> [What you should do]: Among the entries below, retype exactly the lines starting with the one with "LEGO Bouwstenen 0000-1000" and going on through the one with "کیبورد گیمینگ TSCO", but not the pictures.

> [Records for the exercise]:
━━━━━━━━━━

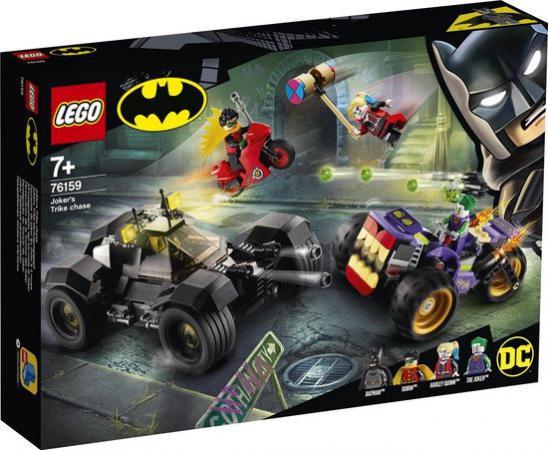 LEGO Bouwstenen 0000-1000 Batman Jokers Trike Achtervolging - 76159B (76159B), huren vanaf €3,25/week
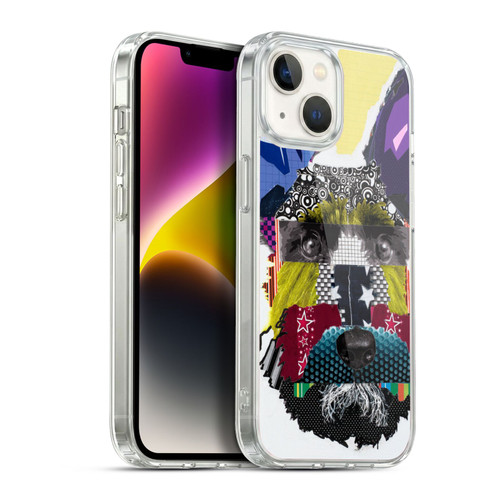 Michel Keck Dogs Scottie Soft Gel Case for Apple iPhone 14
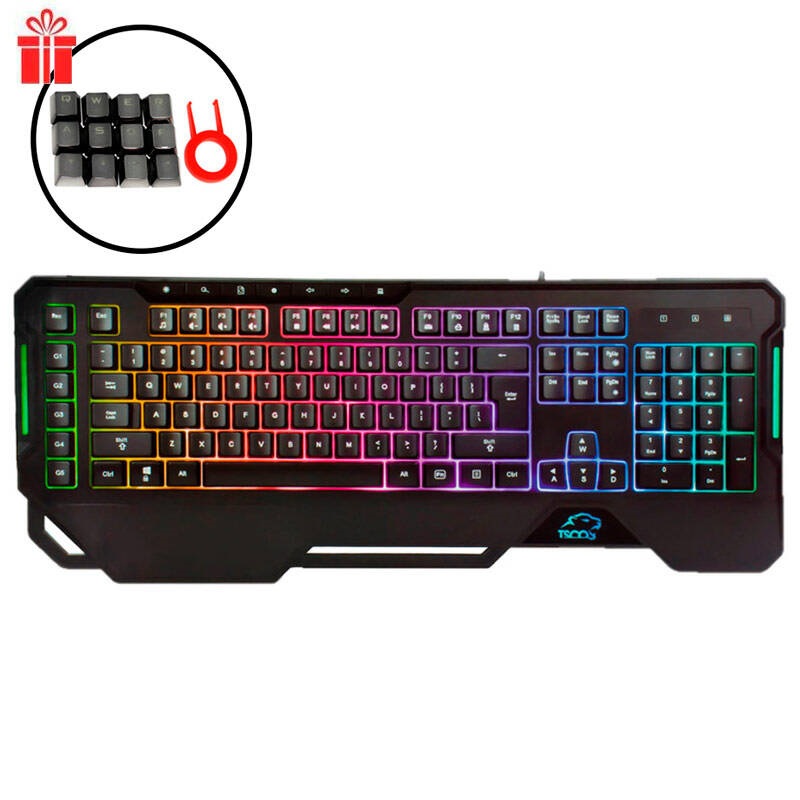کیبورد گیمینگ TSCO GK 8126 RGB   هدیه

━━━━━━━━━━

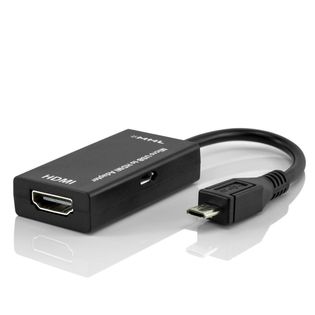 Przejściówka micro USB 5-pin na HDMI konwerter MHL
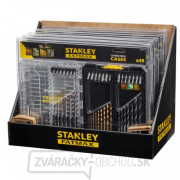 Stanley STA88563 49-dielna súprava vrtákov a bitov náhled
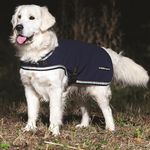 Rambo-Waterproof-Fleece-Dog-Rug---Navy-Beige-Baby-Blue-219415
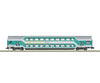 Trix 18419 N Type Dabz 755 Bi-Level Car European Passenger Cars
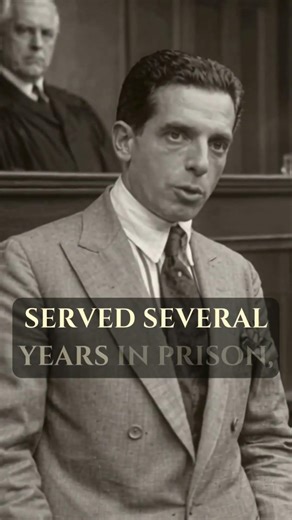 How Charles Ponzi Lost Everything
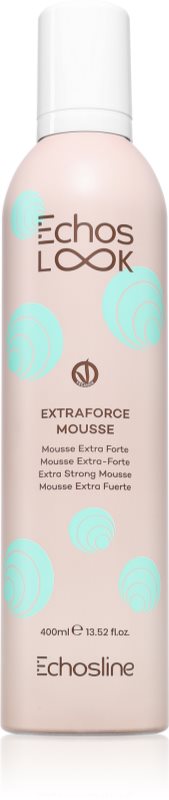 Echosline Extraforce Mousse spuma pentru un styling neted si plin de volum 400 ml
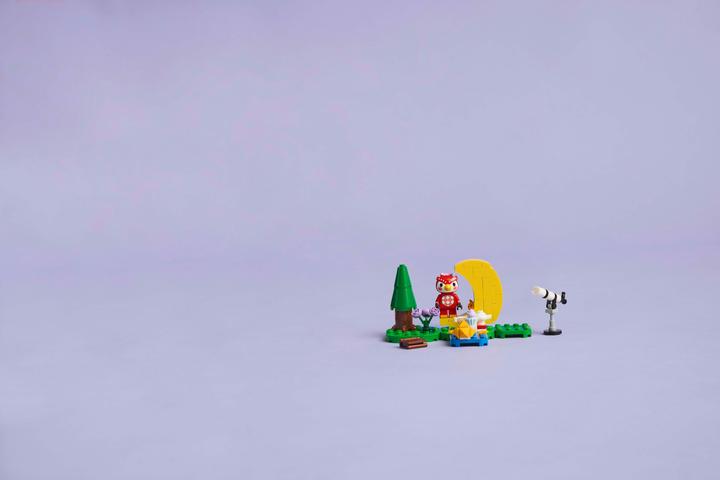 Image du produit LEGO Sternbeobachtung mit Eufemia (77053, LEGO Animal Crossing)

━━━━━━━━━━

> [The completed task]:
 LEGO Bouwstenen 0000-1000 Batman Jokers Trike Achtervolging - 76159B (76159B), huren vanaf €3,25/week
 Michel Keck Dogs Scottie Soft Gel Case for Apple iPhone 14
کیبورد گیمینگ TSCO GK 8126 RGB   هدیه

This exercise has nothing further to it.